Called after the work function is executed in perform with exactly the arguments passed to .perform. Nothing passed to next have an impact on the flow control above except any error is supplied short-circuits execution to the callback.

While the above statement is true when using .perform, after hooks acquire a waterfall like behavior with .waterfall where the result of work function gets passed to the after hooks. Each after hook is then able to mutate the arguments passed to the next one. Strongly discouraged to change number of arguments for your user's sanity.

.waterfall(action, arg0, /* arg1, ... */, work, callback)

This is a slightly different perform that is very useful for when you have to modify state received from a function in a sequence of configurable hooks.

  1. Call all before hooks for action.
  2. Call work function for action.
  3. Call all after hooks for actionwith the result returned from thework` function.
  4. Call callback with results from the after hooks execution (if any) and otherwise the results from the work function.

Real-world Usage

Let's consider a real-world application with two interceptable actions:

  • start: Application has started
  • http:request: Application has received an incoming HTTP request.

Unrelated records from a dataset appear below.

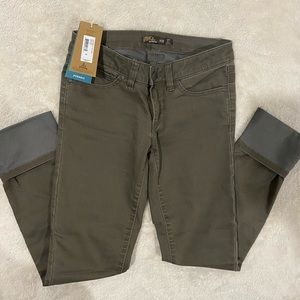 Praha Kara Jean Women’s size 0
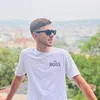 gazi_xn4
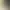https://shared.akamai.steamstatic.com/store_item_assets/steam/apps/2696060/header.jpg?t=1752733146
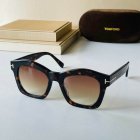 TOM FORD High Quality Sunglasses 2832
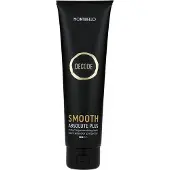 Montibello Decode Smooth - Absolute Plus - Balm Alisador Protector 150 Ml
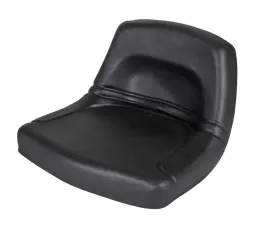 siedzenie-operatora-335x485x330-mm-170006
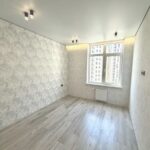 Продам 1 кімнатну квартиру в новому будинку в ЖК 63-а Перлина — фото 9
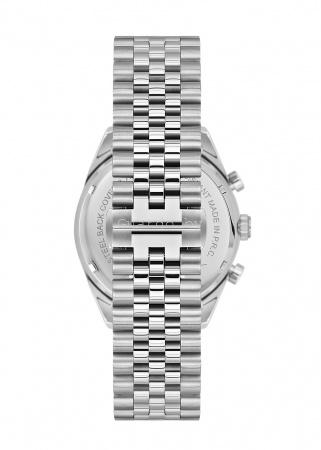 Оригинальные мужские часы Daniel Klein 13994-4_3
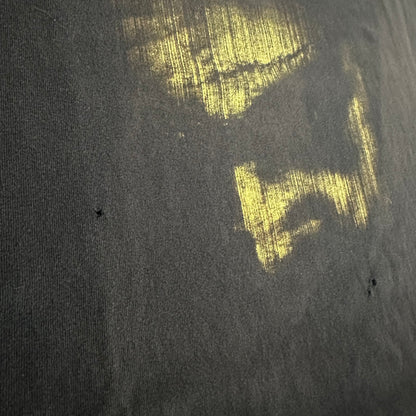 XL 2003 The Texas Chainsaw Massacre Promo T-shirt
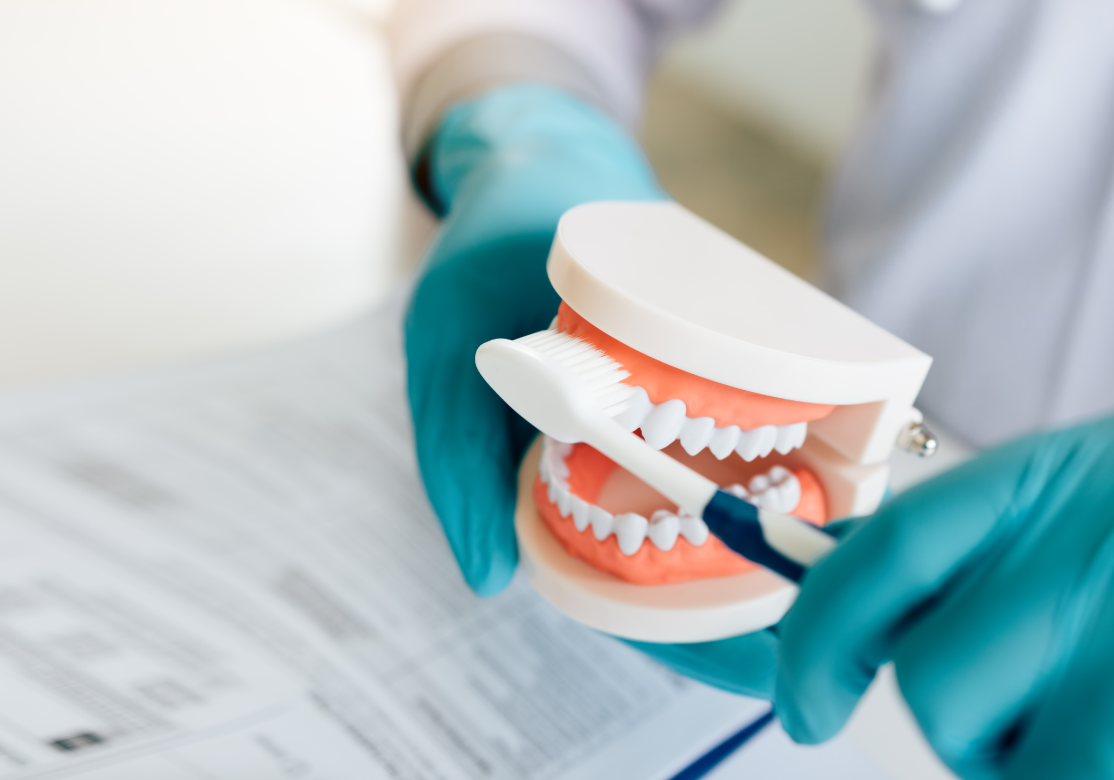 [Open Now] 24/7 Albuquerque, NM Emergency Dentists Express Dentist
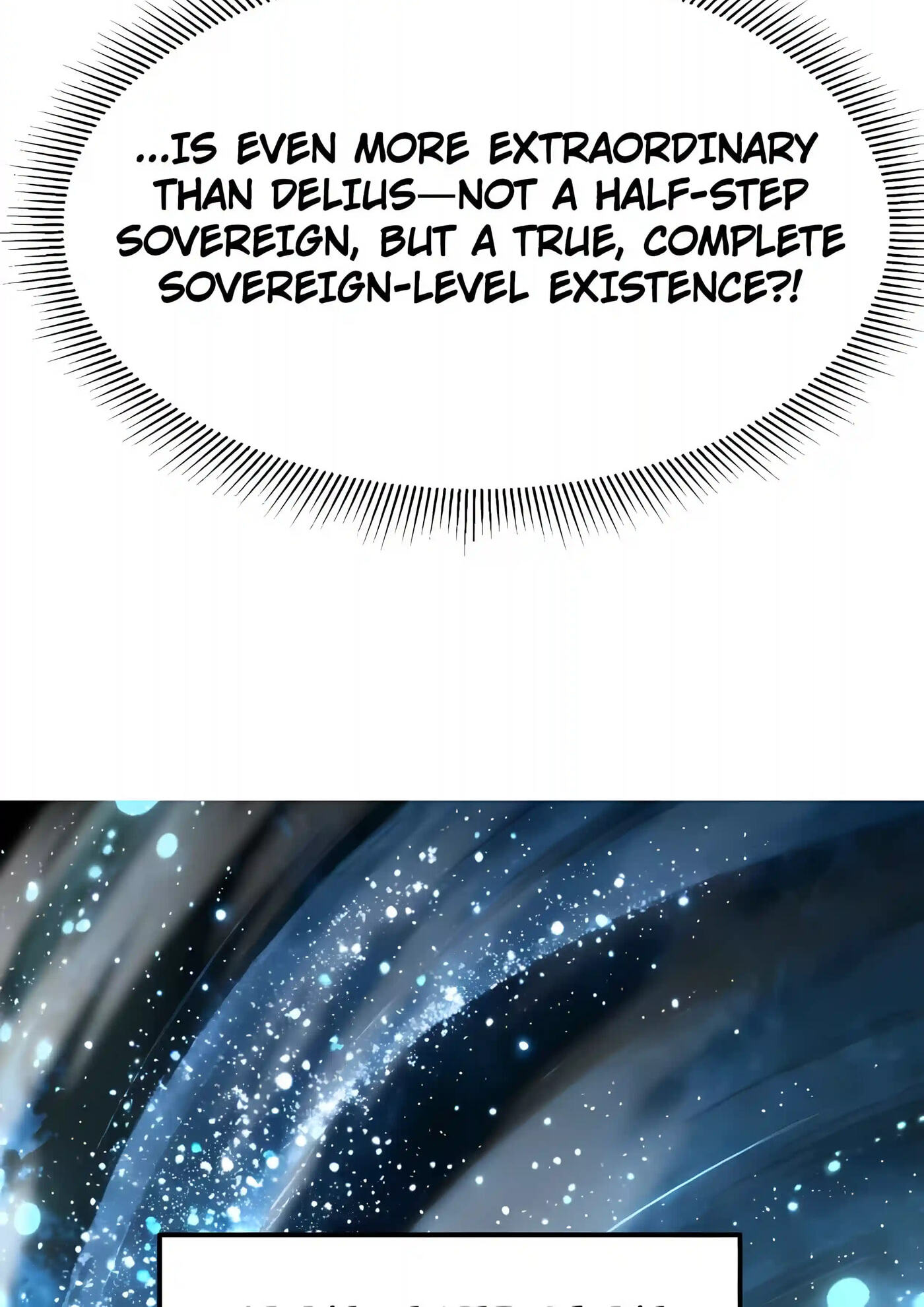 Log Into The Future Chapter 337 page 59 - 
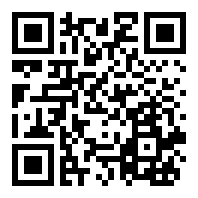 扑飞漫画免广告破解版3.5.7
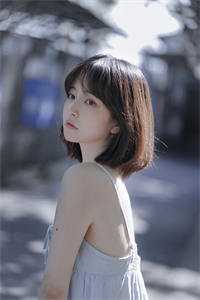 全集闪婚后,情商欠费的霸总开窍宠妻了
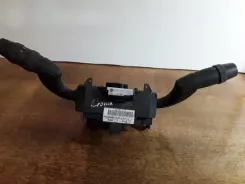 Перемикач керування / індикатора склоочисників Fiat Croma 10400107013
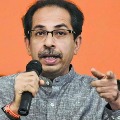 Uddhav Thackeray dares BJP to topple his govt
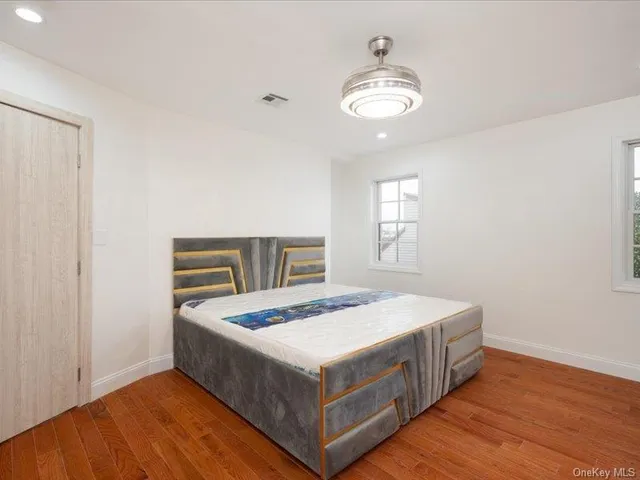 $2,250,000 | 1247 Ixworth Road, Valley Stream, NY 11580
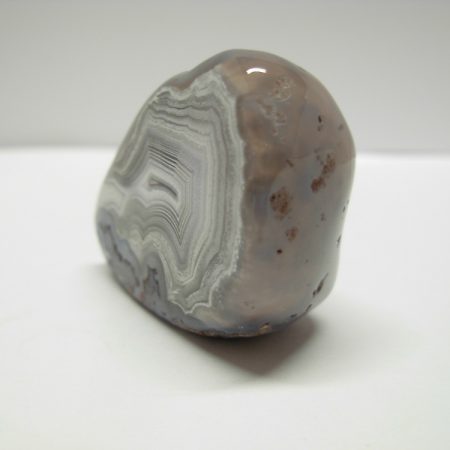 grey agate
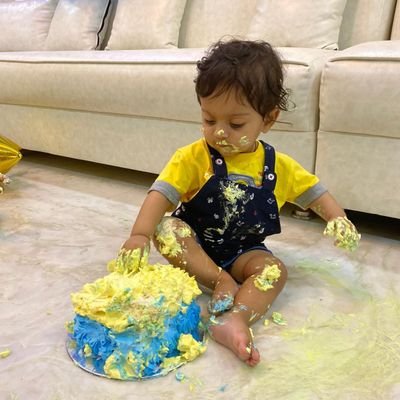 JhaverRajkumar's profile picture. Hello friends. I am professional trader & investor in stock https://t.co/w1FWOK372t with momentum 👌 trend & Close position 👍 https://t.co/82FmxBni7I market sentiments moods 👍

We could easily implement this App behavior in Understudy:

var Understudy = require('understudy');

var App = module.exports = function App() {
  Understudy.call(this);
};

//
// Starts the application after running before and
// after hooks.
//
App.prototype.start = function (options, callback) {
  this.perform('start', options, function (next) {
    //
    // Here, `options` may have been mutated from the execution
    // of the before hooks.
    // ...
    // Do some other async thing
    // ...
    // These arguments are passed to the final callback unless
    // short-circuited by an error here, or in an after hook.
    //
    next(null, options);
  }, callback);
};

App.prototype.handle = function (req, res) {
  req.times = {
    start: process.hrtime()
  };

  this.perform('http:request', req, res, function (next) {
    req.times.middle = process.hrtime();
    req.times.begin  = process.hrtime(req.times.start);
    next();
  }, function (err) {
    if (err) {
      //
      // Do some error handling.
      //
    }

    req.times.total = process.hrtime(req.times.start);
    req.times.after = process.hrtime(req.times.middle);
    console.log([
      'Total time: %s',
      '  Before hooks: %s',
      '  After  hooks: %s'
    ].join('\n'), format(req.times.total), format(req.times.begin), format(req.times.after));

    res.end();
  });
}

//
// Now we consume a new app with hooks.
//
var http = require('http');

var app = new App();
app.before('start', function (options, next) {
  var server = options.server = http.createServer(function (req, res) {
    app.handle(req, res);
  });

  server.listen(options.port, next);
});

app.after('start', function (options, next) {
  console.log('App started on %s', options.port);
});

app.before('http:request', function (req, res, next) {
  //
  // Do something asynchronous.
  //
  next();
});

app.start({ port: 8080 }, function () {
  console.log('ok');
});

//
// Format process.hrtime()
//
function format(s) {
  return (s[0] * 1e3 + s[1] / 1e6) / 1e3;
}

More Examples

See the example directory

Error handling when no callback is provided

Each before and after hook can provide an optional error to short-circuit evaluation of the flow that would normally follow it. This error will be provided to your callback, when supplied. In the event that you DO NOT provide a callback and a before, after or work function responds with an Error IT WILL BE IGNORED AND FLOW WILL CONTINUE. e.g.

var Understudy = require('understudy');
var actor = new Understudy();

actor.before('always', function (next) {
  next(new Error('I always fail'));
});

actor.after('always', function (next) {
  console.log('I always get called. NO MATTER WHAT');
  console.log('BUT, only when no callback is supplied.');
  next(new Error('Another swallowed error'));
});

actor.perform('always', function (done) {
  done(new Error('Errors are ignored here too.'));
});

In other words (as in the above example): if you do not supply a callback to your .perform then understudy will consider all of your before, after and work functions as "fire and forget".